WORK TASK >>
Find the line holding "Mamaragan OP15-078 ALT" in the entries below. Give it again exactly, along with every line after it up to and including the line holding "Peter Ghyczy. Glass".

THE DATA >>
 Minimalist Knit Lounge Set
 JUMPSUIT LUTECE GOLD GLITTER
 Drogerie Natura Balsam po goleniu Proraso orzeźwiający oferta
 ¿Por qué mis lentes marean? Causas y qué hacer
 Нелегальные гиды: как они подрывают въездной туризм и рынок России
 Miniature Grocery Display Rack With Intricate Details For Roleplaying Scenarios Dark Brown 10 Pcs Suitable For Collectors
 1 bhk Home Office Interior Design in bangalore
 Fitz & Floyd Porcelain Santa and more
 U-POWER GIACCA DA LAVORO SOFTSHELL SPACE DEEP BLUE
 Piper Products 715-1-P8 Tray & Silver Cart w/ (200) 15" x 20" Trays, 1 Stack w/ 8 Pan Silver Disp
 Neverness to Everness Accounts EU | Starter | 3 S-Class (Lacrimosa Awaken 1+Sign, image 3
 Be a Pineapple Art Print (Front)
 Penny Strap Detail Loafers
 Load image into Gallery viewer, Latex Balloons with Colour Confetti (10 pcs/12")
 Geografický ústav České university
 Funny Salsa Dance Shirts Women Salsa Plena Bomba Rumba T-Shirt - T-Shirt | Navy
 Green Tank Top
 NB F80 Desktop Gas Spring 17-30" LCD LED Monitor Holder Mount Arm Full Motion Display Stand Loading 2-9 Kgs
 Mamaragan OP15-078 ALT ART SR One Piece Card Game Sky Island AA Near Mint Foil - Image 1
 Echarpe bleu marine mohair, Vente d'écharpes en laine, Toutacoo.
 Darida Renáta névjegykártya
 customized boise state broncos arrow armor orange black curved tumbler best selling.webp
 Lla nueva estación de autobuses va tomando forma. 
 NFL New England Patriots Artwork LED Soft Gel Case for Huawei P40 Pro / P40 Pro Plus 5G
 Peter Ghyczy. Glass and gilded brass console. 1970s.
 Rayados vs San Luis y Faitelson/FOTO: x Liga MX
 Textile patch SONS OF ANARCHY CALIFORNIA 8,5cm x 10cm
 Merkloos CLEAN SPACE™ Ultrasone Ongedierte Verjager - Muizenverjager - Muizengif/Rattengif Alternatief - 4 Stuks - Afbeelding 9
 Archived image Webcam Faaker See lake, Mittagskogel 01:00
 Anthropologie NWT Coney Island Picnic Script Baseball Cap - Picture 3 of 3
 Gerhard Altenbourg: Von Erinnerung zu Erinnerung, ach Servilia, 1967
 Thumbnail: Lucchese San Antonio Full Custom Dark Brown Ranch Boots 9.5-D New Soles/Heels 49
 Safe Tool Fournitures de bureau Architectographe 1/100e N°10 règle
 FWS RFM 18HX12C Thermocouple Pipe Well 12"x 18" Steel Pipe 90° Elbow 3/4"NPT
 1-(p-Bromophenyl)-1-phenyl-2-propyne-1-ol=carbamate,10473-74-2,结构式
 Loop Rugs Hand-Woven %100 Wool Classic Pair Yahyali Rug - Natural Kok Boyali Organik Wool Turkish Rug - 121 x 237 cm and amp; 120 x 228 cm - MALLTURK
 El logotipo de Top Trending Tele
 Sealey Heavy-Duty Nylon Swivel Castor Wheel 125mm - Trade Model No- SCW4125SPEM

ANSWER FOR THIS EXERCISE >>
 Mamaragan OP15-078 ALT ART SR One Piece Card Game Sky Island AA Near Mint Foil - Image 1
 Echarpe bleu marine mohair, Vente d'écharpes en laine, Toutacoo.
 Darida Renáta névjegykártya
 customized boise state broncos arrow armor orange black curved tumbler best selling.webp
 Lla nueva estación de autobuses va tomando forma. 
 NFL New England Patriots Artwork LED Soft Gel Case for Huawei P40 Pro / P40 Pro Plus 5G
 Peter Ghyczy. Glass and gilded brass console. 1970s.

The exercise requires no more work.